[Web page caption snippets]
=-=-=

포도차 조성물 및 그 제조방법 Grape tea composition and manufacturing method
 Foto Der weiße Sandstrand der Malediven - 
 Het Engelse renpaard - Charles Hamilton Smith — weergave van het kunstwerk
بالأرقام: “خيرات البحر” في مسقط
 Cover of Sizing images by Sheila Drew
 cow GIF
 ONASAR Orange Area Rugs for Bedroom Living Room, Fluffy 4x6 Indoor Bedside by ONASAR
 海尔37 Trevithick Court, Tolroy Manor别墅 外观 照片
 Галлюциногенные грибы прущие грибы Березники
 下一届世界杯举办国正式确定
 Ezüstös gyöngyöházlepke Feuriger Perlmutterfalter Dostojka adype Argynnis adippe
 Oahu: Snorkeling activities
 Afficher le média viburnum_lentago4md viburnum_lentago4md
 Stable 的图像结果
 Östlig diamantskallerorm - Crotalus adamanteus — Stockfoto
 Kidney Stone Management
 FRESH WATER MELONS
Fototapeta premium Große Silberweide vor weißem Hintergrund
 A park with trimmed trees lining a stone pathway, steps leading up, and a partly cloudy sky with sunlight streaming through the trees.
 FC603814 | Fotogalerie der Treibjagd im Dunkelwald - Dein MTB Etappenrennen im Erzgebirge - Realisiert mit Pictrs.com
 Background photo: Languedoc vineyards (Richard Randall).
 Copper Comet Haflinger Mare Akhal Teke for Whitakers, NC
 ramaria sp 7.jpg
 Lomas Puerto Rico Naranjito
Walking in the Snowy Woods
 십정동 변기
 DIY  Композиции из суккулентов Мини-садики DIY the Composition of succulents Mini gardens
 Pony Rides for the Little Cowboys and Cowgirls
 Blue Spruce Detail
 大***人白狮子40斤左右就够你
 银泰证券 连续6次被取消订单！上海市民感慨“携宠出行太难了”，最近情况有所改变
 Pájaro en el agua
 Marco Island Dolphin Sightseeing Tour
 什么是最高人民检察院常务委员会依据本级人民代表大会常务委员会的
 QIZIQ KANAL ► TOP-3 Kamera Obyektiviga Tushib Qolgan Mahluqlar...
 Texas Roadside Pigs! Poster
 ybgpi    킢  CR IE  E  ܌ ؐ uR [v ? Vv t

=-=-=

◆ Try it ◆
The answer must restate each entry word for word.

◆ Exercise result ◆
포도차 조성물 및 그 제조방법 Grape tea composition and manufacturing method
 Foto Der weiße Sandstrand der Malediven - 
 Het Engelse renpaard - Charles Hamilton Smith — weergave van het kunstwerk
بالأرقام: “خيرات البحر” في مسقط
 Cover of Sizing images by Sheila Drew
 cow GIF
 ONASAR Orange Area Rugs for Bedroom Living Room, Fluffy 4x6 Indoor Bedside by ONASAR
 海尔37 Trevithick Court, Tolroy Manor别墅 外观 照片
 Галлюциногенные грибы прущие грибы Березники
 下一届世界杯举办国正式确定
 Ezüstös gyöngyöházlepke Feuriger Perlmutterfalter Dostojka adype Argynnis adippe
 Oahu: Snorkeling activities
 Afficher le média viburnum_lentago4md viburnum_lentago4md
 Stable 的图像结果
 Östlig diamantskallerorm - Crotalus adamanteus — Stockfoto
 Kidney Stone Management
 FRESH WATER MELONS
Fototapeta premium Große Silberweide vor weißem Hintergrund
 A park with trimmed trees lining a stone pathway, steps leading up, and a partly cloudy sky with sunlight streaming through the trees.
 FC603814 | Fotogalerie der Treibjagd im Dunkelwald - Dein MTB Etappenrennen im Erzgebirge - Realisiert mit Pictrs.com
 Background photo: Languedoc vineyards (Richard Randall).
 Copper Comet Haflinger Mare Akhal Teke for Whitakers, NC
 ramaria sp 7.jpg
 Lomas Puerto Rico Naranjito
Walking in the Snowy Woods
 십정동 변기
 DIY  Композиции из суккулентов Мини-садики DIY the Composition of succulents Mini gardens
 Pony Rides for the Little Cowboys and Cowgirls
 Blue Spruce Detail
 大***人白狮子40斤左右就够你
 银泰证券 连续6次被取消订单！上海市民感慨“携宠出行太难了”，最近情况有所改变
 Pájaro en el agua
 Marco Island Dolphin Sightseeing Tour
 什么是最高人民检察院常务委员会依据本级人民代表大会常务委员会的
 QIZIQ KANAL ► TOP-3 Kamera Obyektiviga Tushib Qolgan Mahluqlar...
 Texas Roadside Pigs! Poster
 ybgpi    킢  CR IE  E  ܌ ؐ uR [v ? Vv t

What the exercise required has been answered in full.